La « révolution de Cologne » a eu un résultat. Elle a révélé l'existence d'une phalange de plus de deux mille saints dont la « vertu comblée et la morale solvable [7] » n'ont de « vie libre » que dans l'état de siège. Peut-être l'occasion se trouvera-t-elle d'écrire des Acta sanctorum [8], des biographies de ces saints. Nos lecteurs apprendront alors comment on acquiert les « trésors » que ne mangent « ni mites, ni rouille », ils apprendront de quelle façon on fait la conquête du substrat économique de l'« idéologie bien pensante ».

 

Notes

Texte surligné : en français dans le texte.

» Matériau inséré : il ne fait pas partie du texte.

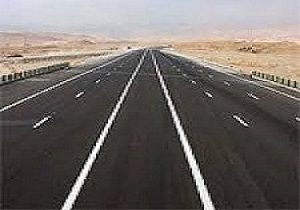 طرح کمربندی شهرستان دماوند صورت می گیرد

[1] Lors de la séance de l'Assemblée nationale du 29 septembre 1848, le député D'Ester exigea du gouvernement qu'il suspende l'état de siège décrété à Cologne et qu'il réclame des comptes au commandement militaire pour ses actes illégaux.

[2] Le 2 octobre 1848, dans une adresse à l'Assemblée nationale prussienne, quelques bourgeois contre-révolutionnaires de Cologne (Stupp, Ammon, etc.) déclarèrent que la proposition de D'Ester, soutenue par les députés rhénans Borchardt et Kyll, avait soulevé « l'indignation générale, alors que les mesures militaires avaient rencontré l'approbation de tous les citoyens ». La Kölnische Zeitung dut cependant concéder qu'au même moment était diffusée une adresse de citoyens de Cologne, soutenant la proposition de D'Ester.

[3] L'Union ouvrière de Cologne fut fondée le 13 avril 1848 par Gottschalk, membre de la Ligue des communistes. Au début de mai, elle comptait 5.000 membres, ouvriers et artisans pour l'essentiel. Après l'arrestation de Gottschalk, Moll en fut élu président. Il le resta jusqu'aux événements de septembre, jusqu'à ce que, menacé d'être arrêté, il émigre. Le 16 octobre 1848, sur la prière des travailleurs, Marx prit la présidence, puis Schapper lui succèda du 28 février à fin mai 1849.

[4] Le 17 septembre, le général Wrangel, commandant la région militaire du Brandebourg, adressa à l'armée un ordre du jour qui montrait que la clique militaire avait l'intention de s'attaquer ouvertement aux conquêtes de la Révolution. Wrangel déclarait qu'il était de son devoir de maintenir « l'ordre public » et demandait aux soldats de se grouper fermement autour de leurs officiers et du roi.

[5] Après l'édit de Frédéric-Guillaume IV du 21 septembre 1848, le ministère Pfuel fut constitué. C'était un ministère de fonctionnaires et d'officiers contre-révolutionnaires qui organisait en sous-main les forces de la contre-révolution. Après les événements de Vienne il fut remplacé, le 8 novembre par le ministère du comte de Brandenburg qui accomplit le coup d'état contre-révolutionnaire (état de siège à Berlin, dissolution de la garde civique et de l'Assemblée nationale).

[6] Extraits d'un article: « Les barricades à Cologne », publié dans le numéro 268 de la Kölnische Zeitung, le 30 septembre 1848.

[7] Expressions tirées d'un poème de Heine : « Anno 1829 ».

[8] Collection de vies de saints catholiques commencée par Jean Bolland et poursuivie par les Jésuites.